◆ WORK INSTRUCTION
Beginning with the first line and ending with the one containing "Hands typing on", copy the lines of the listing below exactly; omit everything else.
DATASET CONTENT START
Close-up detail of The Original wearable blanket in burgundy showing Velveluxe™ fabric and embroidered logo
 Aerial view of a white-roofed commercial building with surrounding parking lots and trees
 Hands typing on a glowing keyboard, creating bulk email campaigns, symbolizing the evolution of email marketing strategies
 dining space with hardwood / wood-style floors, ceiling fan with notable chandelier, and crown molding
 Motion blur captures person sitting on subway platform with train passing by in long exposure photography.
DATASET CONTENT END
◆ SOLUTION TO THIS EXERCISE
Close-up detail of The Original wearable blanket in burgundy showing Velveluxe™ fabric and embroidered logo
 Aerial view of a white-roofed commercial building with surrounding parking lots and trees
 Hands typing on a glowing keyboard, creating bulk email campaigns, symbolizing the evolution of email marketing strategies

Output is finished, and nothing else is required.